The analysis of convergent and discriminant validity revealed that the AVE values for each factor exceed .50, indicating adequate convergent validity. Moreover, the HTMT ratios for all factor pairs were below the .90 threshold, confirming adequate discriminant validity and clear differentiation between the constructs. These findings suggest that the factors are well represented by their indicators and sufficiently distinct from each another.

The Problem Behaviors Scale demonstrated good internal consistency for both factors (Factor 1: ω = .87, α = .87; Factor 2: ω = .85, α = .85), while the overall scale showed excellent reliability (ω = .91, α = .91).

The results confirmed our hypothesis that the factors derived from the original Social Skills Scale— Cooperation, Assertion, and Self-Control—were replicated in our sample of preschool teachers, along with the Internalized and Externalized problem behavior factors from the Problem Behaviors Scale.

Measurement invariance across development status and age groups

Addressing the third research question, the invariance of the SSRS scales (Social Skills and Problem Behaviors) across developmental status (Table 5) and age groups (Table 6) was tested following the criteria defined by Chen (2007) for unequal group sizes.

Table 5. Measurement invariance across developmental status on SSRS scales

SSRS scales	Invariance level	CFI	ΔCFI	RMSEA	ΔRMSEA	SRMR	ΔSRMR
Social skills	Configural	.989		.050		.079
	Metric	.990	.001	.047	-.003	.078	-.001
	Scalar	.991	.001	.045	-.002	.078	.000
Problem behaviors	Configural	.992		.042		.074
	Metric	.994	.002	.039	-.003	.071	-.003
	Scalar	.996	.002	.030	-.009	.071	.000

The observed changes in CFI, RMSEA, and SRMR values across different levels of invariance testing (metric vs. configural, scalar vs. metric) for developmental status ranged from 0 to .003, with the exception of a scalar invariance difference of .009 in RMSEA on the Problem Behaviors Scale, which remains within acceptable limits. Similarly, invariance testing across age groups showed changes in fit indices ranging from 0 to .004, with RMSEA differences of .008 for scalar invariance on the Problem Behaviors Scale and .009 for metric invariance on the Social Skills Scale, both within acceptable thresholds.
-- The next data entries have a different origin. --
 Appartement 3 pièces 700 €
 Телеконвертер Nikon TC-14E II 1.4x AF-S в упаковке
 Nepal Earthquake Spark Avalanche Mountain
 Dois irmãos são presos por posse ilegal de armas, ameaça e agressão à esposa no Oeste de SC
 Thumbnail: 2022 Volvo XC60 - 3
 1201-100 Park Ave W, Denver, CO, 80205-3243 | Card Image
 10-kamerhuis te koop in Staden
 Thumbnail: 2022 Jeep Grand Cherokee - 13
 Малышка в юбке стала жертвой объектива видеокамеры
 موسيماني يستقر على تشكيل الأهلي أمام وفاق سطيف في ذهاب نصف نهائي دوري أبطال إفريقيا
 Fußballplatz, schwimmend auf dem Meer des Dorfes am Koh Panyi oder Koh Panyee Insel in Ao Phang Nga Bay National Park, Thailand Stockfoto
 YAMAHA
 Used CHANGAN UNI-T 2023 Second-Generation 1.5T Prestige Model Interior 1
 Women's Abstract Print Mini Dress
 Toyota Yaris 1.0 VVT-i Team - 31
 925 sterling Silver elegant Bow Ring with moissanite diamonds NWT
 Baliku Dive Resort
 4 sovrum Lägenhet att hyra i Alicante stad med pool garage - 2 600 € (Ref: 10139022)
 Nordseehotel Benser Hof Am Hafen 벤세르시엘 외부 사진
Table 6. Measurement invariance across age on SSRS scales

SRSS scales	Invariance level	CFI	ΔCFI	RMSEA	ΔRMSEA	SRMR	ΔSRMR
	Configural	.984		.061		.086
Social skills	Metric	.988	.004	.052	-.009	.082	-.004
	Scalar	.989	.001	.050	-.002	.082	.000
	Configural	.994		.036		.071
Problem behaviors	Metric	.994	.000	.037	.001	.070	-.001
	Scalar	.996	.002	.029	-.008	.070	.000

These results confirm that the structure of both the Social Skills and Problem Behaviors Scales remains invariant across developmental status and age groups (3–5 and 6–7 years). However, as presented in Table 6, the SRMR for the Social Skills Scale across age groups is slightly elevated at .086. This minor increase can be attributed to the unequal group sizes (310 vs. 140). As noted by Chen (2007) , slight deviations above .08 in SRMR values are not uncommon under such conditions.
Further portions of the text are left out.